That evolution “designed” something more intelligent than itself inefficiently does imply that we can efficiently design something less intelligent than ourselves that can in turn efficiently design something much more intelligent than its creators?
Either we can design a human-level AGI (without WBE) or we cannot. If we cannot, this entire discussion about safety protocols is irrelevant. Maybe we need some safety protocols for experiments with WBE but it’s a different story. If we can, then it seems likely that there exists a subhuman AGI which is able to design a superhuman AGI (because there’s no reason to believe human-level intelligence is a special point & because this weaker intelligence will be better optimized for designing AGI than humans). Such a self-improvement process creates a positive feedback loop which might lead to very rapid rise in intelligence.
People already suck at telling whether Vitamin D is good for you, yet some people seem to believe that they can have non-negligible confidence about the power and behavior of artificial general intelligence.
Low confidence means stronger safety requirements, not the other way around.
For important abilities, such as persuasion, there are good reasons to believe that there are no minds much better than humans.
One of the arguments I heard for humans being the bare minimum level of intelligence for a technological civilization is that there existed no further evolutionary pressure to select for even higher levels of general intelligence.
You just claim that there can be levels of intelligence below us that are better than us at designing levels of intelligence above us and that we can create such intelligences. In my opinion such a belief requires strong justification.
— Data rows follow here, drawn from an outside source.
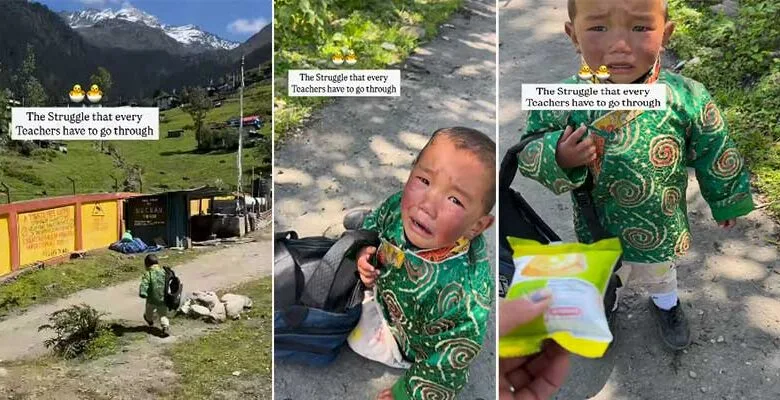Viral Video : Little Boy’s School Escape in Arunachal Pradesh Goes Viral, Showcasing Teachers’ Dedication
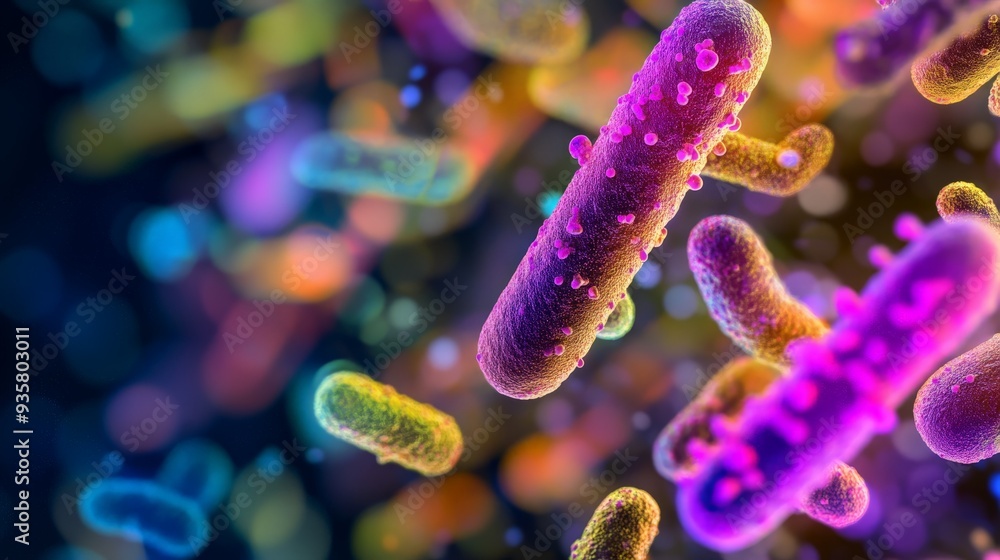 Colorful microscopic bacteria in a vibrant, detailed scientific image showcasing various microorganisms and their complex structures. Colorful microscopic bacteria in a vibrant, detailed scientific image showcasing various microorganisms and their complex structures.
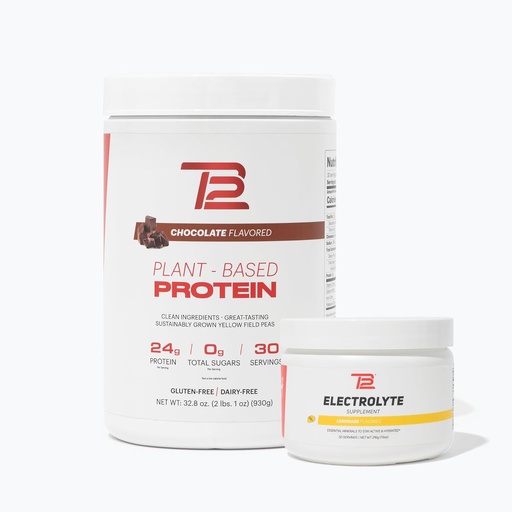 [BRSRAZQLDECWYCTF] TB12 Plant Based Strength & Hydration Bundle (Chocolate Protein Powder & Lemonade Electrolytes), Support Muscle Recovery & Hydration, Dairy Free, Non-GMO, Soy-Free
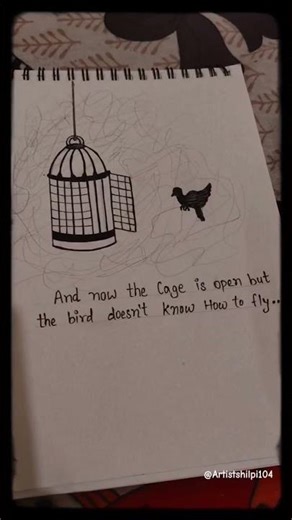 Open Cage, Silent Fear 💔😮#shorts #art #viral #drawing #emotional #shortsfeed #ytshorts...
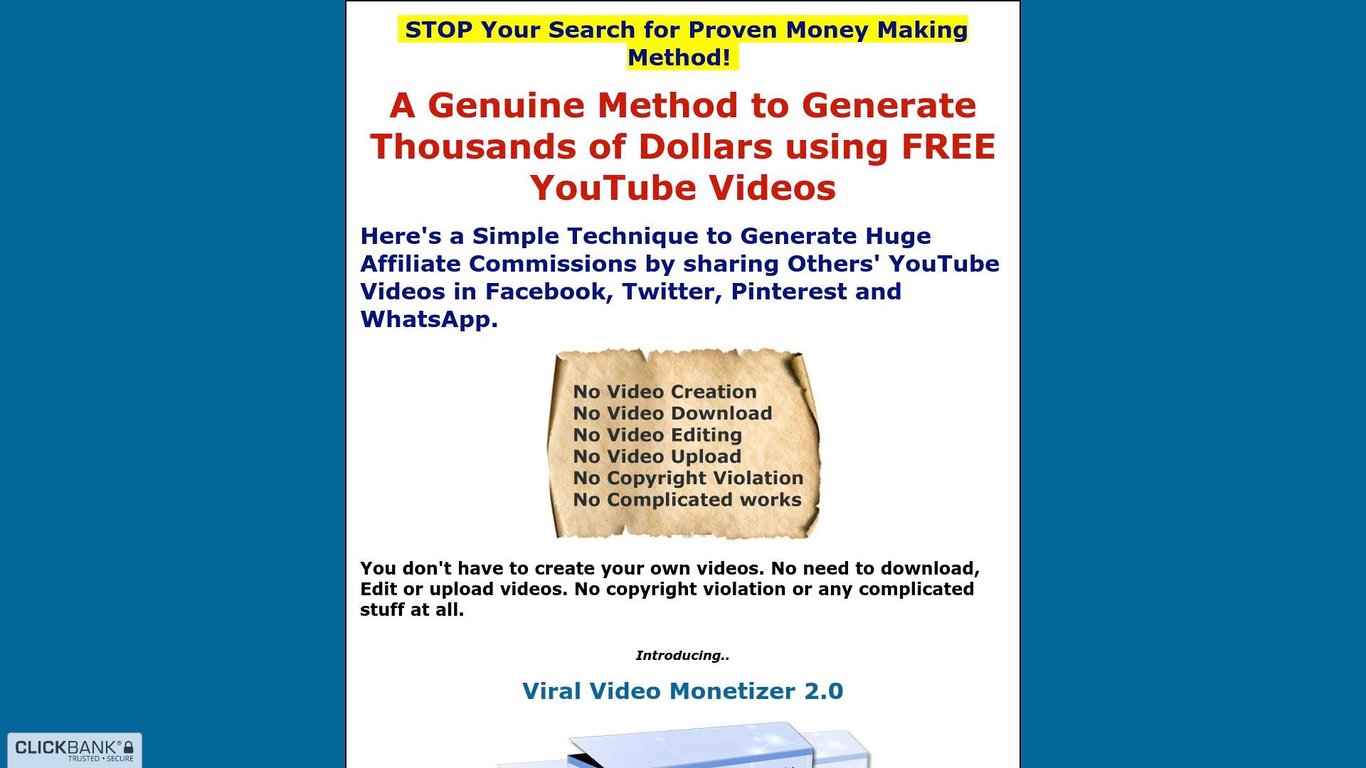 Viral Video Monetizer Affiliate Marketing System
People already suck at telling whether Vitamin D is good for you, yet some people seem to believe that they can have non-negligible confidence about the power and behavior of artificial general intelligence.
Low confidence means stronger safety requirements, not the other way around.
Yes. Something is very wrong with this line of reasoning. I hope GiveWell succeeds at writing a post on this soon. My technical skills are not sufficient to formalize my doubts.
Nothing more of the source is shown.